Since then, more than 1000 people have been arrested in connection to protests, mostly under allegations of vandalism and looting. This figure includes a group of four police officers who were detained after footage surfaced of them loading a patrol vehicle with looted goods from a nearby supermarket.
At least six people have been killed in clashes and more than 300 businesses have been ransacked. Protesters themselves argue most of the cases of violence have been sparked by agent provocateurs, and point to the tens of thousands of people who have marched peacefully.
During a march in Puebla, one protester told GLW: “This is a movement of peace.”
Meanwhile in Mexico City, Pena Nieto broke his silence almost a week after protests began. In a televised address, he said he understood the “anger and irritation felt by the general public”, but that the price rises were needed to stave off cuts to welfare services.
On the streets, protesters said Pena Nieto did not understand their plight at all, arguing he has lost touch with ordinary Mexicans.
“As usual, corruption has played a role in this,” said one activist. “Corruption affects everything here.”
Even before the current protests, nine out of ten Mexicans viewed all political parties as corrupt or extremely corrupt, according to a 2013 study by Transparency International.
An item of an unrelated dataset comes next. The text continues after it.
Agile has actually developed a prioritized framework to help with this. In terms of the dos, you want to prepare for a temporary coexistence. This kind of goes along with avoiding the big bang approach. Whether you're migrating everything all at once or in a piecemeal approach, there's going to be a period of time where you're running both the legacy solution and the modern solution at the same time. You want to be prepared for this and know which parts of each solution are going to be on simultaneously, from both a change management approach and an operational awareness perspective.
Meanwhile, Pena Nieto’s approval rating remains at about 25%, making him one of the Western Hemisphere’s least popular heads of state.
With the protests growing, Pena Nieto’s popularity seems unlikely to bounce back any time soon. This could spell trouble for the ruling Institutional Revolutionary Party (PRI) in next year’s federal elections.
Polls indicate the frontrunner for next year’s presidential race remains the leftist Andres Manuel Lopez Obrador, who narrowly lost the 2006 presidential election by fewer than 250,000 votes. If the polls hold up, Obrador would be the first leftist president in Mexico for generations.
Meanwhile, the radical left Zapatista movement is also planning on endorsing its first presidential candidate in history, saying the candidate will be an indigenous woman.